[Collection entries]

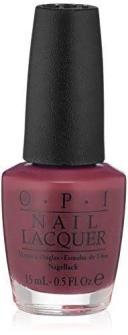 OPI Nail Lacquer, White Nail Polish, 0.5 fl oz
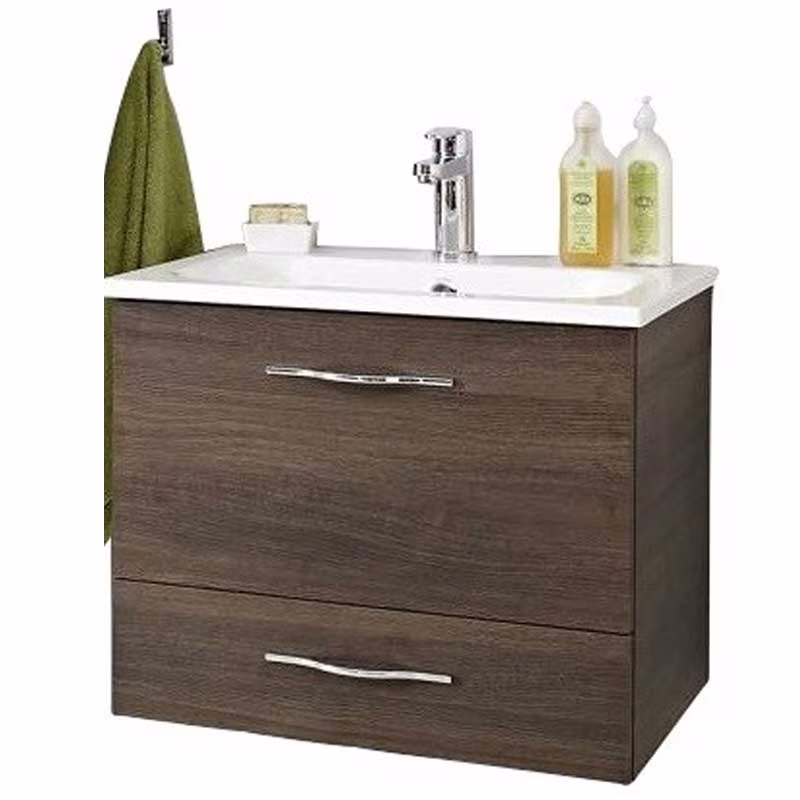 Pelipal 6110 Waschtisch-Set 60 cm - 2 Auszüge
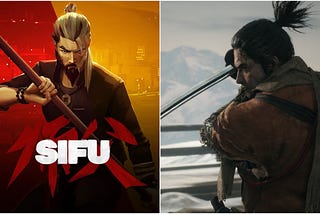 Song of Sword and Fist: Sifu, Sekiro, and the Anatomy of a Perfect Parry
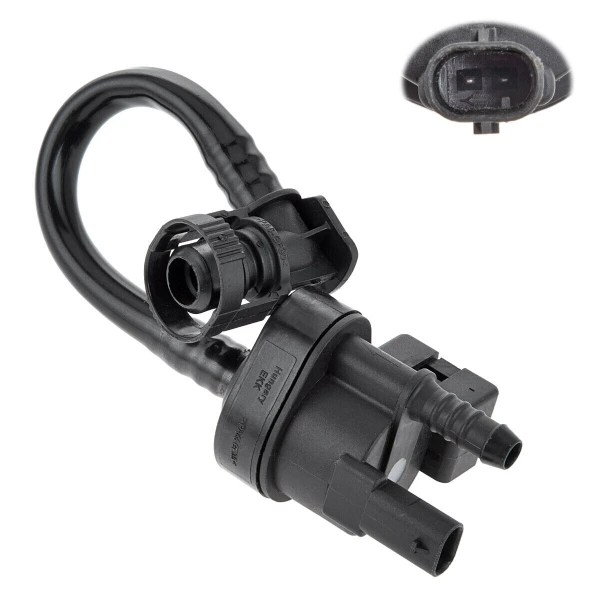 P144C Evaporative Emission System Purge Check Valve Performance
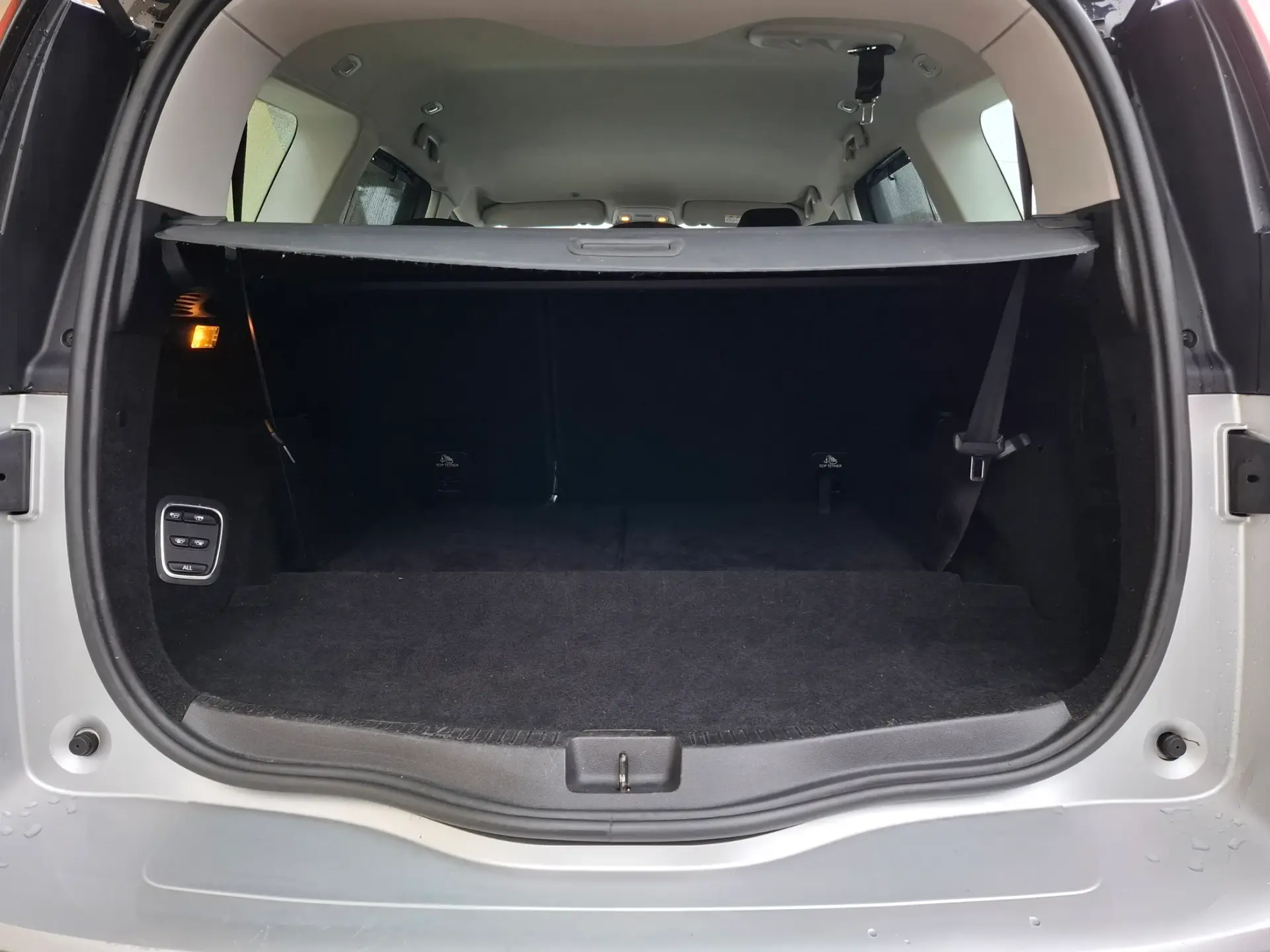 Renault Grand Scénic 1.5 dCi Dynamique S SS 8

- [What you are asked to do]
If pictures appear, drop them, and retype exactly the lines from the "Song of Sword" line through the last line of the data above.

- [Result for this task]
 Song of Sword and Fist: Sifu, Sekiro, and the Anatomy of a Perfect Parry
 P144C Evaporative Emission System Purge Check Valve Performance
 Renault Grand Scénic 1.5 dCi Dynamique S SS 8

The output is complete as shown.